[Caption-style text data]
►

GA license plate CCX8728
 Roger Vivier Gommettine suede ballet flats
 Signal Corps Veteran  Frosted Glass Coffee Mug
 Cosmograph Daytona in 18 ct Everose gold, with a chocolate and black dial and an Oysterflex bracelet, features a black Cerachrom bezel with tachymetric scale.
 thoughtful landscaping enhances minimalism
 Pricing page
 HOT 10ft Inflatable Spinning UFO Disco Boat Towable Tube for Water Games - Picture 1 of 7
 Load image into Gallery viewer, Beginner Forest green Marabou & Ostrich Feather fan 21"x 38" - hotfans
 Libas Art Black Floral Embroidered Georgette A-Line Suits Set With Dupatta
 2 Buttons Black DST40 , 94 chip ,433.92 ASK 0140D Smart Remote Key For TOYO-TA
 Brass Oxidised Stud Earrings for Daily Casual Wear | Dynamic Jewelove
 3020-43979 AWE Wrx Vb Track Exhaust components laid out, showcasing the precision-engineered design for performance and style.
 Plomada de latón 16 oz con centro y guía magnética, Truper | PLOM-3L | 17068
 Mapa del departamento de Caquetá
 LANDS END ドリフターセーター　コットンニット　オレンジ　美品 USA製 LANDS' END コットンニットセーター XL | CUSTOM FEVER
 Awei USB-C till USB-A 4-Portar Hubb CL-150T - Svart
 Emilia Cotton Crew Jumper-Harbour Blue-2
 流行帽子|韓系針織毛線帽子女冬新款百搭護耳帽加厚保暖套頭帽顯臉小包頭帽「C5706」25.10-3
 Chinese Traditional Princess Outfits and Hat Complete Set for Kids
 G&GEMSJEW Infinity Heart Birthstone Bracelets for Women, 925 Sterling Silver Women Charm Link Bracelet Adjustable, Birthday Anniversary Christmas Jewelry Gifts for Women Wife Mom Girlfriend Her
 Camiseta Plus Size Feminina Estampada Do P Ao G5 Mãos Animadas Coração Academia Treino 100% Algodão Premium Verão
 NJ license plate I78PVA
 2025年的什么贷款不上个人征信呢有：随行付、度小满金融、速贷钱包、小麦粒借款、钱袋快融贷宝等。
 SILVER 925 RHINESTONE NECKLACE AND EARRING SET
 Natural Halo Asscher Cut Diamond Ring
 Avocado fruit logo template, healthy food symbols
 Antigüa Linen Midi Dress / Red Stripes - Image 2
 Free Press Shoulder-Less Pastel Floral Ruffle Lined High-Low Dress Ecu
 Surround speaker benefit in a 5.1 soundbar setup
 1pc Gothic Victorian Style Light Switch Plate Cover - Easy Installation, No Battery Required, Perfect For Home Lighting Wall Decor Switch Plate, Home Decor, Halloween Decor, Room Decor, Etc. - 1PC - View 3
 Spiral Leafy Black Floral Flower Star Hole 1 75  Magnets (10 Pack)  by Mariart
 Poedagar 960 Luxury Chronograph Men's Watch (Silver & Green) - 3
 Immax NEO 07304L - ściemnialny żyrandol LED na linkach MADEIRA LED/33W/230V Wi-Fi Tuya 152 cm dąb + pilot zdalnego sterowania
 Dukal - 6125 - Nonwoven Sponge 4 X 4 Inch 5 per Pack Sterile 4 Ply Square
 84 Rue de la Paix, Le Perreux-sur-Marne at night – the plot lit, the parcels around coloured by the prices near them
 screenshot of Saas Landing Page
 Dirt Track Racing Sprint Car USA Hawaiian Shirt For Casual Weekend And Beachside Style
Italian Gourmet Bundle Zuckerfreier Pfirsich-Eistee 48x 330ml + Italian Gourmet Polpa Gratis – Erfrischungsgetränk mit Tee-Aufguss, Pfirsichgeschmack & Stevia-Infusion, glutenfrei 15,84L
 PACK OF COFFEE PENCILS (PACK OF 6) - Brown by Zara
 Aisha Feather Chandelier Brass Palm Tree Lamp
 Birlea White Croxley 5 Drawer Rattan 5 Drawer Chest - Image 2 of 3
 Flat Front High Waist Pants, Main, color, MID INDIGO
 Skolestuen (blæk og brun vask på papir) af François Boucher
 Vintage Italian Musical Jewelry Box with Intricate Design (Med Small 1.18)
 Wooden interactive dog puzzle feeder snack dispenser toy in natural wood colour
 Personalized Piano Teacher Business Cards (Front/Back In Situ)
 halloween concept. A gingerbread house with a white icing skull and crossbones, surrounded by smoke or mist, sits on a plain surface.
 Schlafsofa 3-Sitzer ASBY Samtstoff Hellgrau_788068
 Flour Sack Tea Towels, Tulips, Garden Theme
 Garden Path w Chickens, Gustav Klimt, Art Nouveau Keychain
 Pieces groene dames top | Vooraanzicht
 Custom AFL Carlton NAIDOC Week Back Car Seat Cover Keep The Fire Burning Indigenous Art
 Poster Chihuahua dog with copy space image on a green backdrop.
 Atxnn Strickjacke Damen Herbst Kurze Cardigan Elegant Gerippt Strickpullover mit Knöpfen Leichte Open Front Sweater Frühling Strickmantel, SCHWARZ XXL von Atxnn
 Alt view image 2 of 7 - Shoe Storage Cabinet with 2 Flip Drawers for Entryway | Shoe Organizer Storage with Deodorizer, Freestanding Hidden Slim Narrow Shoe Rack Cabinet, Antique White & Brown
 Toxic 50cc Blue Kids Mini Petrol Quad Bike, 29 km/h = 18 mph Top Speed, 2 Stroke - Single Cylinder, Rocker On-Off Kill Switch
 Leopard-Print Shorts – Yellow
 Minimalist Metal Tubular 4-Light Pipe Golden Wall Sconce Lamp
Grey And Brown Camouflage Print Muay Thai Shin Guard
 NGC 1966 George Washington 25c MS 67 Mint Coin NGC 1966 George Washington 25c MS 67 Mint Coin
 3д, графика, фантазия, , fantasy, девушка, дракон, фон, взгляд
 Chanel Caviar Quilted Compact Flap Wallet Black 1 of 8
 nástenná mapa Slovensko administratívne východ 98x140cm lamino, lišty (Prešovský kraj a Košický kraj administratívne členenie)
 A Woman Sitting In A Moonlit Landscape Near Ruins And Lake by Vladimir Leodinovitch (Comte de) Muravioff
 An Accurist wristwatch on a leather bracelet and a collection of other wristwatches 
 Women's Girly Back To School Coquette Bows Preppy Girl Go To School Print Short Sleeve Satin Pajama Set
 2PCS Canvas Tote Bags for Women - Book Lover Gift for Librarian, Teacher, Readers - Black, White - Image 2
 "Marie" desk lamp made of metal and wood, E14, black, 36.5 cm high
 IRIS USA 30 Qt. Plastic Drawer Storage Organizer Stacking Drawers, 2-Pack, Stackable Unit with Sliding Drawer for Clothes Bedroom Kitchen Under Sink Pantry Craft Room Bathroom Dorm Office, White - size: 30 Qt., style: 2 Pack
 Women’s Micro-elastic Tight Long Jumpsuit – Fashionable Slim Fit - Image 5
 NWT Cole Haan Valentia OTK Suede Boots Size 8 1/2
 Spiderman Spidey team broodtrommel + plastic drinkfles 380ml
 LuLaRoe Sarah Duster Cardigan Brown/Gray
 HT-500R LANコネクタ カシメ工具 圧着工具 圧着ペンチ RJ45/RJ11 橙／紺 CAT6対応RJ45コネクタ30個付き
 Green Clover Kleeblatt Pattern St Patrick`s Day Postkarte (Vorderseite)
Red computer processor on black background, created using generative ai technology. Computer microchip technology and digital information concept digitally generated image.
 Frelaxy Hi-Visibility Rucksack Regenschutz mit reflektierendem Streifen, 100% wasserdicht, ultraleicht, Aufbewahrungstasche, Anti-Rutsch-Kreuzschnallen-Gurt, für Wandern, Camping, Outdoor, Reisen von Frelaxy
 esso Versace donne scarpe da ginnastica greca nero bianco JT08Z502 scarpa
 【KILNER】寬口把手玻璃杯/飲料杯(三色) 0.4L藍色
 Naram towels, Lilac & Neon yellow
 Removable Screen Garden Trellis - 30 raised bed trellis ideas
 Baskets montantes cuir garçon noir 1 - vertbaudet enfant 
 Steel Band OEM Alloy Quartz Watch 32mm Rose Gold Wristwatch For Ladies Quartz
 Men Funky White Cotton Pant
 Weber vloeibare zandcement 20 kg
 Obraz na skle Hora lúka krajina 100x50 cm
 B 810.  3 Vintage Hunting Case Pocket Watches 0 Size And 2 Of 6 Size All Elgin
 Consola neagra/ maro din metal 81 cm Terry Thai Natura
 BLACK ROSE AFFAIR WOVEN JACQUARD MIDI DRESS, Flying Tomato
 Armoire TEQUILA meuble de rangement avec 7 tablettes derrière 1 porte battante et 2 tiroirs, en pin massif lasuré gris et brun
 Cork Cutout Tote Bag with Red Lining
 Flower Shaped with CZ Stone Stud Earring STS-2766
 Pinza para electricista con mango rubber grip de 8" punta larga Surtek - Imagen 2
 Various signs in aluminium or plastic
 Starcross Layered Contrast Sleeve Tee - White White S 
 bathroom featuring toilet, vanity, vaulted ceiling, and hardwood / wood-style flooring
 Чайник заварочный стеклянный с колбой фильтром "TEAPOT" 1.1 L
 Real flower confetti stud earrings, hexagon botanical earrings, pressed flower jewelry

◄

## [Task requirements]
What is needed is a word-for-word restatement of every line from the one with "Starcross Layered Contrast" to the end of the entries above.

## [Solution for this problem]
 Starcross Layered Contrast Sleeve Tee - White White S 
 bathroom featuring toilet, vanity, vaulted ceiling, and hardwood / wood-style flooring
 Чайник заварочный стеклянный с колбой фильтром "TEAPOT" 1.1 L
 Real flower confetti stud earrings, hexagon botanical earrings, pressed flower jewelry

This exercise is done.